Presently the inject-smart code assumes support injecting all
smart-errors namely media-temperature, controller-temperature,
spares-remaining, fatal-health and unsafe-shutdown. This assumption
may break in case of other non-Intel NVDIMM types namely PAPR NVDIMMs
which presently only have support for injecting unsafe-shutdown and
fatal health events.

Trying to inject-smart errors on PAPR NVDIMMs causes problems as
smart_inject() prematurely exits when trying to inject
media-temperature smart-error errors out.

To fix this issue the patch proposes extending the definition of
dimm_op 'smart_inject_supported' to return bitmap of flags indicating
the type of smart-error injections supported by an NVDIMM. These types
are indicated by the newly introduced defines ND_SMART_INJECT_* . A
dimm-ops provide can return an bitmap composed of these flags back
from its implementation of 'smart_inject_supported' to indicate to
dimm_inject_smart() which type of smart-error injection it
supports. In case of an error the dimm-op is still expected to return
a negative error code back to the caller.

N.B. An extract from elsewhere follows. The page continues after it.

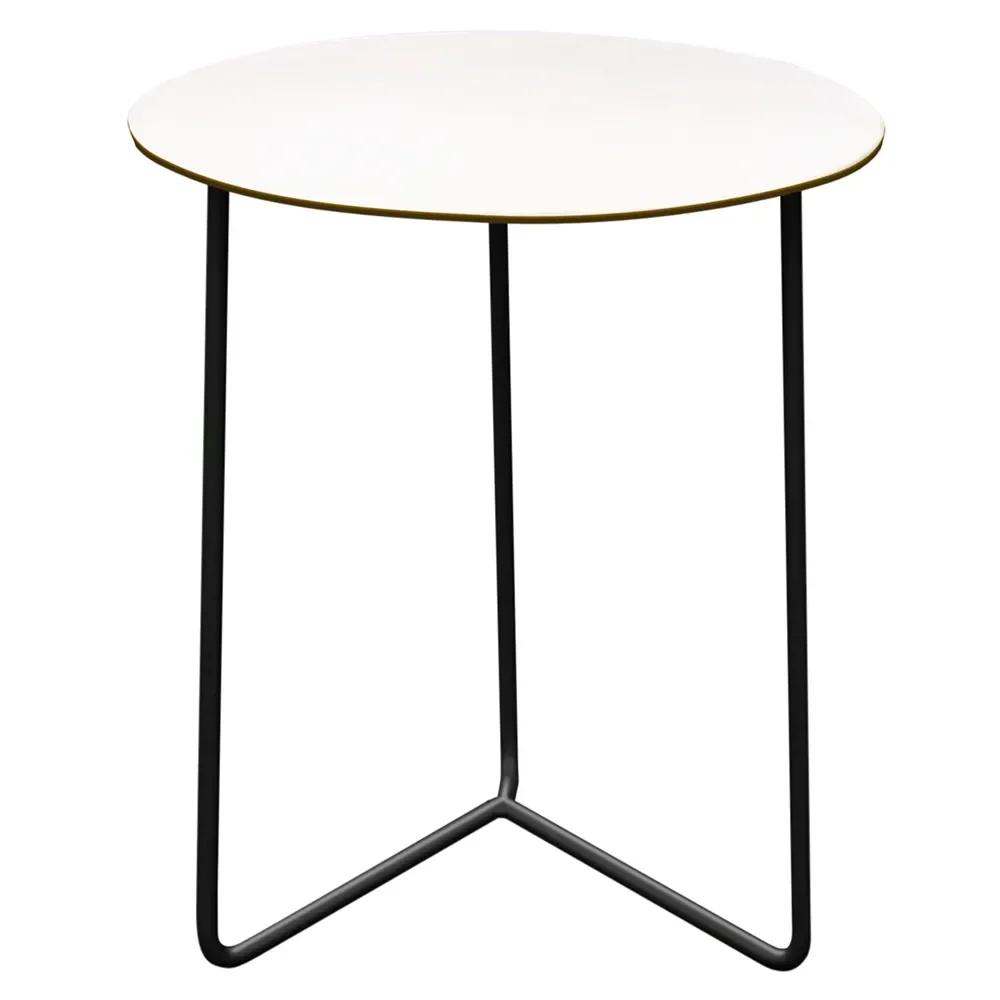 Bord High Tech 60 Vit Laminat / Svart Stativ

The patch updates intel_dimm_smart_inject_supported() to return a
bitmap composed of all ND_SMART_INJECT_* flags to indicate support for
all smart-error types.

Finally the patch also updates smart_inject() to test for specific
ND_START_INJECT_* flags before sending a smart-inject command via
dimm-provider.

Signed-off-by: Vaibhav Jain <vaibhav@linux.ibm.com>
---
 ndctl/inject-smart.c | 33 ++++++++++++++++++++++++++-------
 ndctl/lib/intel.c    |  7 ++++++-
 ndctl/libndctl.h     |  8 ++++++++
 3 files changed, 40 insertions(+), 8 deletions(-)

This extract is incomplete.